God help me, I actually kind of like it.


----------



## Woodduck (Mar 17, 2014)

Faustian said:


> God help me, I actually kind of like it.


Me too.

But will you like it when Mitsuko Uchida programs it?


----------



## Guest (Dec 13, 2015)

I think Biber's Sonata Representativa has a cat in it.


----------



## Becca (Feb 5, 2015)

Woodduck said:


> Me too.
> 
> But will you like it when Mitsuko Uchida programs it?


Ahh but can Uchida do that head-roll on the keys with quite the same insouciance?


----------



## Herondale (May 9, 2013)

Composer and author E.T.A. Hoffmann went so far as to have his beloved tomcat Murr _Lebensansichten des Kater Murr_ ISNB 3-15-000153-6 (The Life and opinions of the Tomcat Murr ISBN 0-14-044631-1) write its own biography, where Hoffmann himself (by «mistake») also appears, as the composer Kreisler.


----------



## elgar's ghost (Aug 8, 2010)

I think Stravinsky set _'The Owl & The Pussycat'_ to music.


----------



## Mahlerian (Nov 27, 2012)

elgars ghost said:


> I think Stravinsky set _'The Owl & The Pussycat'_ to music.


He did indeed. It was his last completed work.


----------



## ribonucleic (Aug 20, 2014)

Woodduck said:


> Me too.
> 
> But will you like it when Mitsuko Uchida programs it?


Ms. Uchida could program 90 minutes of herself sitting down on various registers of the keyboard and I would go.


----------



## Woodduck (Mar 17, 2014)

ribonucleic said:


> Ms. Uchida could program 90 minutes of herself sitting down on various registers of the keyboard and I would go.


Am I sensing that you'd like to sit on the keyboard with her?


----------



## Pugg (Aug 8, 2014)

Woodduck said:


> Am I sensing that you'd like to sit on the keyboard with her?


I like your sense of humour :cheers:


----------



## helenora (Sep 13, 2015)

Becca said:


> And then there is the famous Nora The Piano Cat for whom a concerto was written by Mindaugas Piecaitis - _CATcerto_. Here is a link to a performance of the work by Nora and the Klaipeda Chamber Orchestra of Lithuania.

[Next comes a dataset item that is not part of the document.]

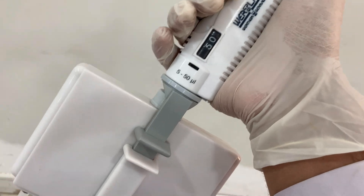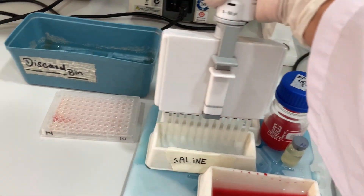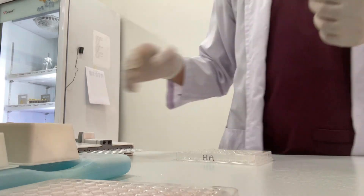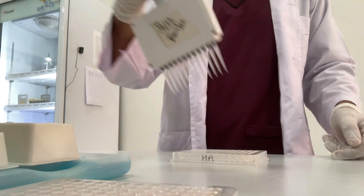After doing the HA, we are now moving further toward the HI, which is hemagglutination inhibition. For that, you have to take 50ml of normal saline. Remember that in the HI, we fill the saline up to 96 wells of the titer plate.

wonderful performance! Bravi interpreters!


----------



## manyene (Feb 7, 2015)

Sounds 'purrfect' to me.


----------



## ribonucleic (Aug 20, 2014)

Woodduck said:


> Am I sensing that you'd like to sit on the keyboard with her?


We could perform Mozart K.237a - Sonata for Piano Four Buttocks.


----------



## Woodduck (Mar 17, 2014)

ribonucleic said:


> We could perform Mozart K.237a - Sonata for Piano Four Buttocks.


Playing all the notes at once. How efficient. Depending on the size of the buttocks, of course.


----------



## beetzart (Dec 30, 2009)

The theme for D.Scarlatti's piano sonata/fugue K.30 is supposedly based on the notes his cat pressed while dashing along the keyboard. So legend has it.